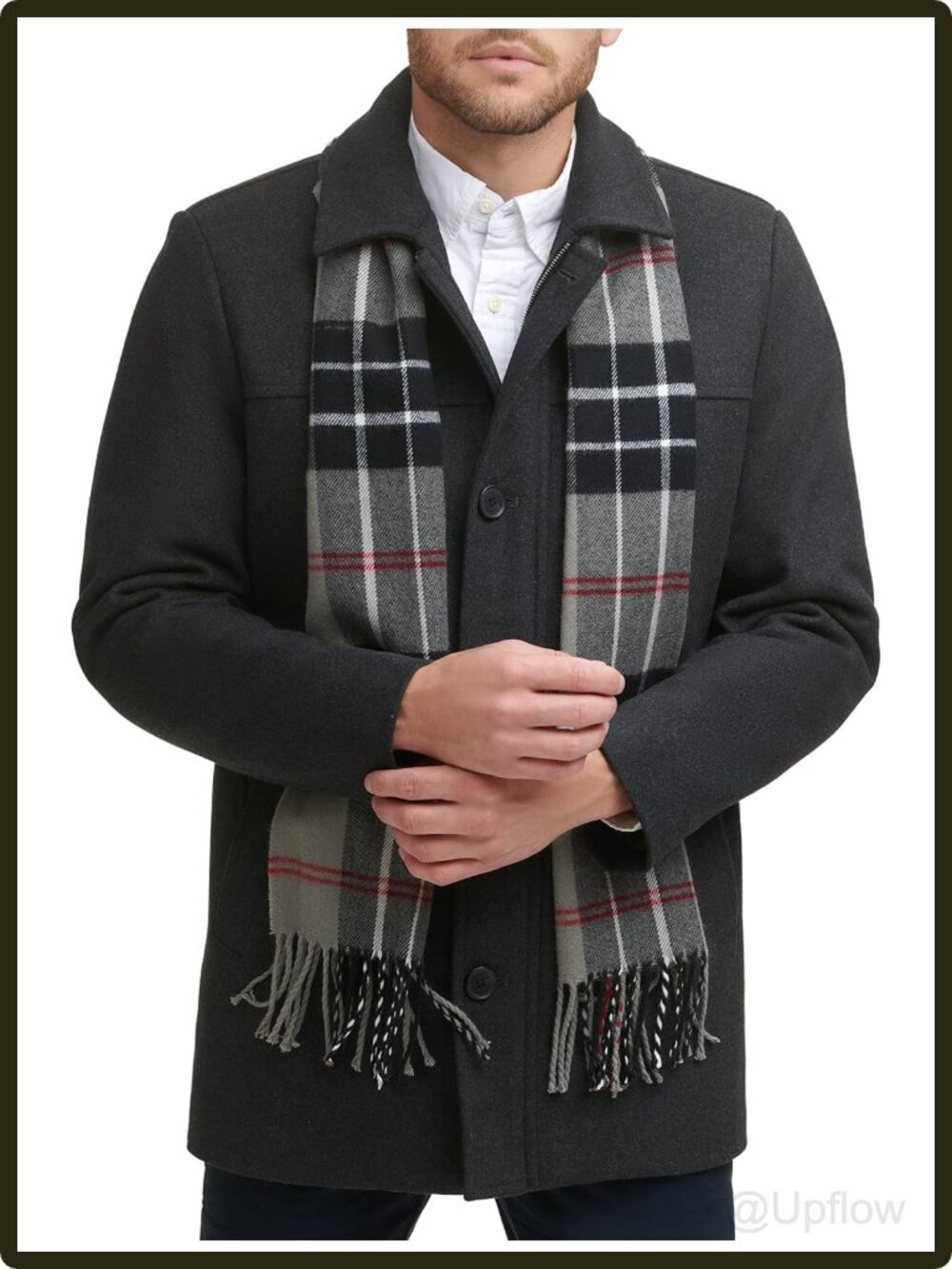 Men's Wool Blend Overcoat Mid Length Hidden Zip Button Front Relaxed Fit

--

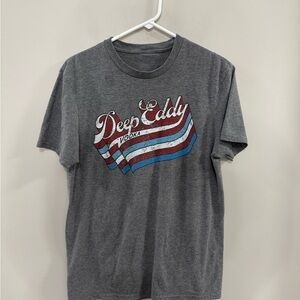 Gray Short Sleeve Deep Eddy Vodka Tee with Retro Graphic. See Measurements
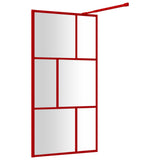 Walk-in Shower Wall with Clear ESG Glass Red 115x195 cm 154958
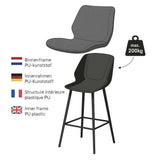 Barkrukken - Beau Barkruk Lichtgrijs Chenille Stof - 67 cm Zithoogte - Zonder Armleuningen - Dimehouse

Problem to work on:
In the records above, everything from the line with "Gray Short Sleeve" down to the line with "Barkrukken - Beau" must be duplicated exactly, both lines kept. Leave no pictures in.

Task output:
 Gray Short Sleeve Deep Eddy Vodka Tee with Retro Graphic. See Measurements
 Walk-in Shower Wall with Clear ESG Glass Red 115x195 cm 154958
 Barkrukken - Beau Barkruk Lichtgrijs Chenille Stof - 67 cm Zithoogte - Zonder Armleuningen - Dimehouse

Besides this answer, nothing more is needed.